Sexual Maturity: Tanner’s stage is often wont to assess sexual maturity.
Skeletal Maturity: Age is often determined by doing Hand & Wrist radiographs from 3 to 18 years aged.
Dental Assessment: deciduous tooth eruption begins with the central incisors at six months. No single tooth by 13 months of age is of concern. adult tooth eruption starts at six years aged and continues up to 18 years aged.
Growth Velocity
The growth velocity is different at different stages of life. Also, different tissues grow at different rates at an equivalent stage of life. The lymphoid tissues can exceed adult size at six years of age. Girls are taller than boys at 12 to 14 years, but later they’re going to not grow taller than their male counterparts.

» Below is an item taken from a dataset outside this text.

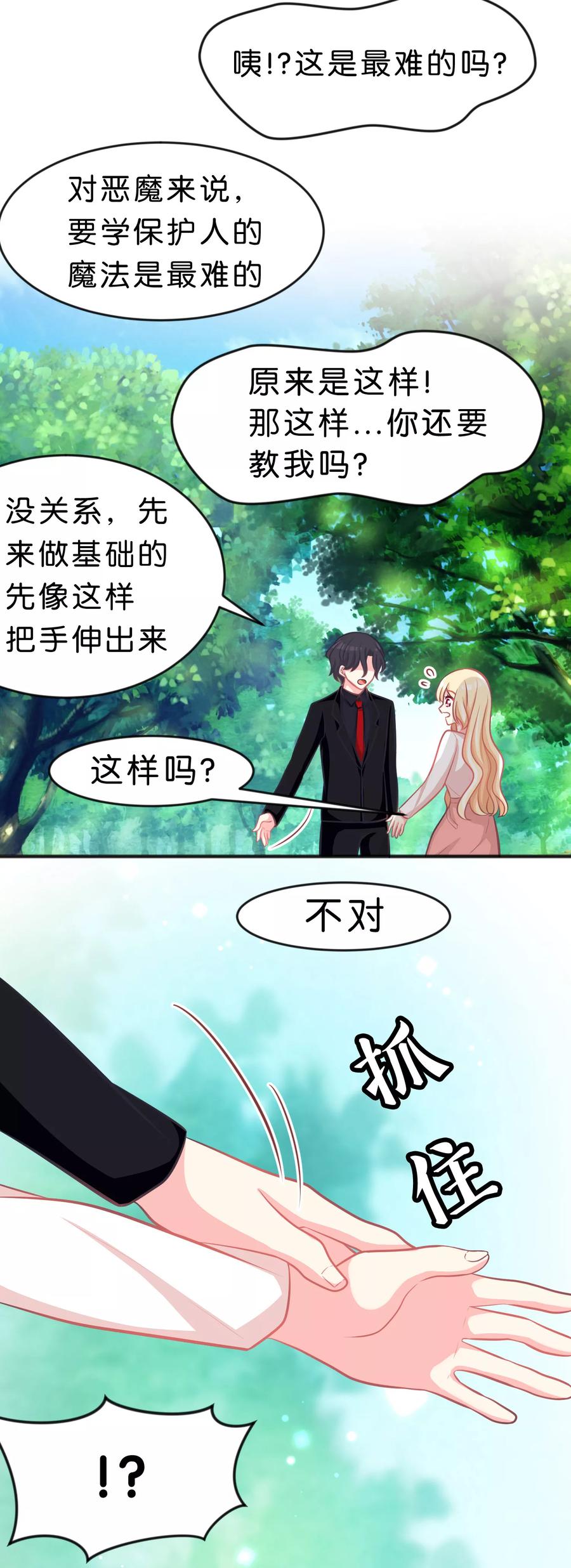 第57话不管什么关系，你都要被我吃-梦魇总裁的专属甜点-宇宙半公室（第16张）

Growth velocity is maximum during infancy and adolescence. the top circumference reaches closer to adult size by six years of age.
The prepubertal height velocity of but 4 cm per annum is of concern. During puberty, the peak velocity is 10 to 12 cm per annum in boys and eight to 10 cm per annum in girls. The prepubertal weight velocity of but 1 kg per annum is of concern. Weight velocity is highest during puberty, up to eight kg per annum.
Stages of Development
Development may be a continuous process from neonatal to adulthood. Though the expansion ceases after adolescence, adolescence isn’t the top for development. Each developmental stage features a new set of challenges and opportunities.
1. Infancy:
Development progress in cephalo-caudal direction and also from the midline to the lateral direction. a 3 to four-month variation are often there in achieving the developmental milestone. Social development may be a cortical function that develops before motor skills. Lack of social smile by four weeks is of concern.
At birth, the infant is provided with primitive reflexes. Certain primitive reflexes help within the normal physiology of infants. Sucking and reflex helps inefficient feeding. Most of the primitive reflex disappears to facilitate the mature development process. for instance , the grasp reflex disappears by six months, and therefore the child develops mature grasp development from 6-12 months.
2. Early and late childhood:
Between ages 1 and three years, locomotion and language are crucial. the simplest predictor of cognitive function is language. Fine motor skills are associated with self-help skills. the foremost common development in infancy is to determine self-identity.
a toddler may have independent existence by three years aged . the youngsters learn independent existence skills like feeding behavior, toilet training, and self dressing during this stage of early and late childhood. Questioning skills develop during infancy development.
3. Adolescence:
Adolescence is hallmarked by puberty changes, which occur two years earlier in females than in males. Puberty changes are assessed using the Tanner staging. Acceptance of a replacement body and separation from home, and establishing oneself as an independent adult in society are the many challenges in puberty.
Psychosocial Development
Erikson has postulated eight stages of psychosocial development.
1). Trust and mistrust in infancy (< 1 year): Infants develop trust with a warm response from the caretaker.
2). Autonomy and doubt within the toddler age bracket ( one to 3 years): Children feel autonomous if caregivers encourage independence. Otherwise, they’re going to doubt their abilities.
3). Initiative and guilt within the preschool age bracket (three to 6 years): Through imaginative play, kids experiment with their ambitions. If parents don’t encourage their initiative, the youngsters will feel guilt.
4). Industry and inferiority in early school years: in class, children learn to figure as a gaggle. they’re going to have inferiority feelings if the peer environment is hostile.
5). Identity and role confusion in adolescence: Self-identity may be a significant development during adolescence.
6). Intimacy and isolation in early adulthood: those who cannot establish relationships or intimacy are susceptible to being socially isolated.
7). Generativity and stagnation in middle adulthood: Parenting is that the best example to guide the younger generation.
8). Ego integrity and despair in late adulthood: people who aren’t satisfied with what they did during their lifetime are going to be in despair.